Proceedings in Cairo were first delayed after the deposed leader refused to wear a white prison uniform, instead wearing a dark suit.
As they got underway Mursi interrupted the session repeatedly, chanting “down with military rule”.
He also gave the Muslim Brotherhood hand gesture to express his disgust at a raid in August on a protest camp by security forces, who shot dead more than 200 people there at the height of their action against the Islamists.
Amid the noise and disruption the judge announced the trial’s adjournment.
State TV broadcast footage of Mursi in court, the first time he has been seen publicly since he was ousted from power in July.

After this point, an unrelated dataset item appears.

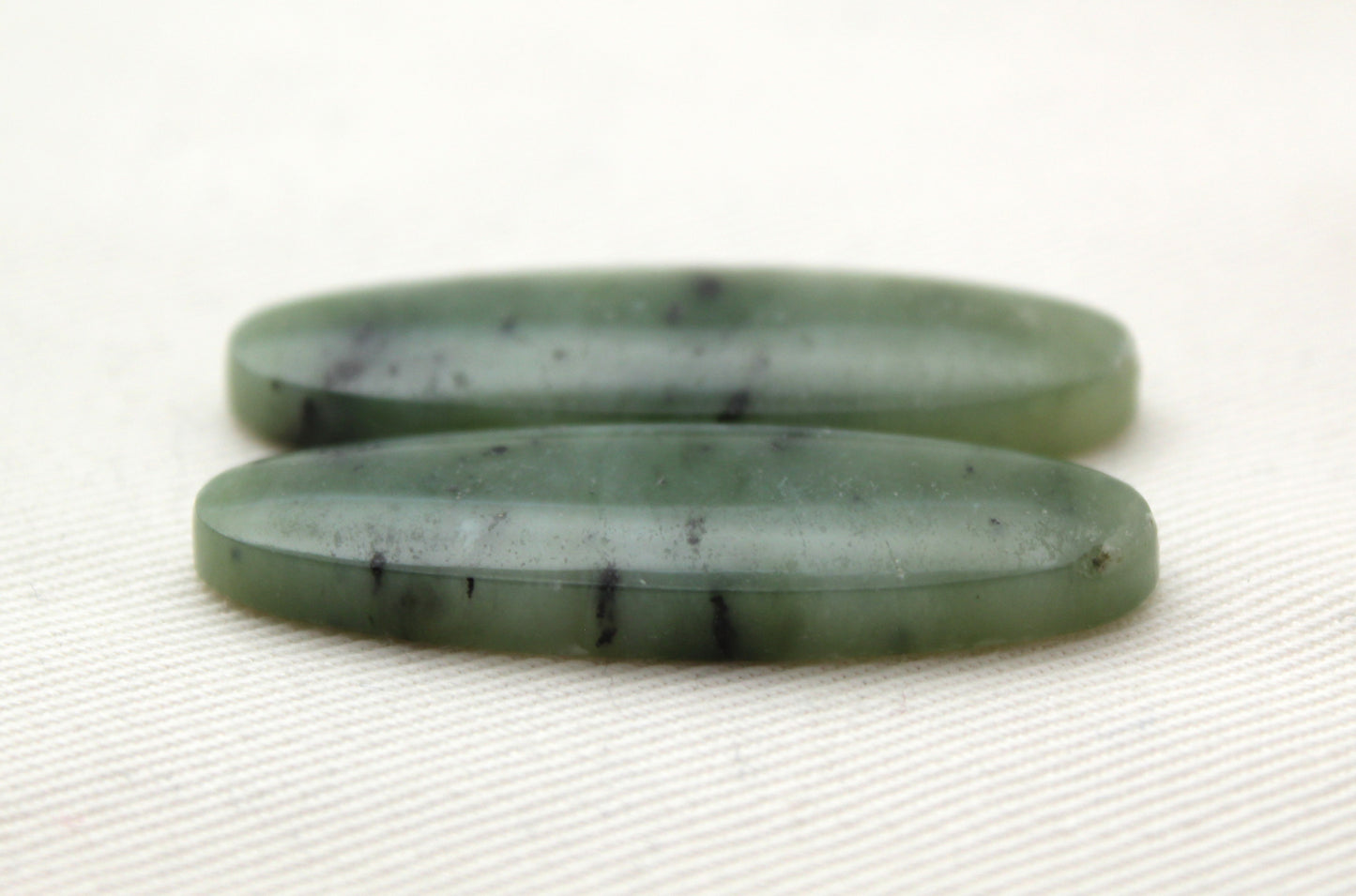 Long Nephrite Jade Cabochons Pair Gemstone moss green Oval (Copie)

The former president and 14 other Brotherhood members are charged with inciting the killing of protesters outside the presidential palace as opposition to Mursi’s rule spread.
Heavy security outside the court and across the country is a reminder of the military crackdown earlier this year which saw hundreds of Mursi supporters killed and thousands more arrested.
Mursi replaced Hosni Mubarak as Egyptian president following a democratic election, but over the course of his 13 months in office he fell into conflict with a number of key institutions.
As discontent spread, the army stepped in and removed him from power in July.
Now banned, the Muslim Brotherhood has vowed to keep up street protests.
After the adjournment, state TV said Mursi was flown to a jail in the northern city of Alexandria.
Western allies have been dismayed by the military establishment’s return to the forefront of power in Cairo, prompting Washington to cut some military aid and call for free, transparent trials for all Egyptians.
The uprising that toppled Mubarak in 2011 had raised hopes that Egypt would embrace democracy and human rights and eventually enjoy economic prosperity.
Instead, the power struggle between the Brotherhood and the army-backed government has created more uncertainty.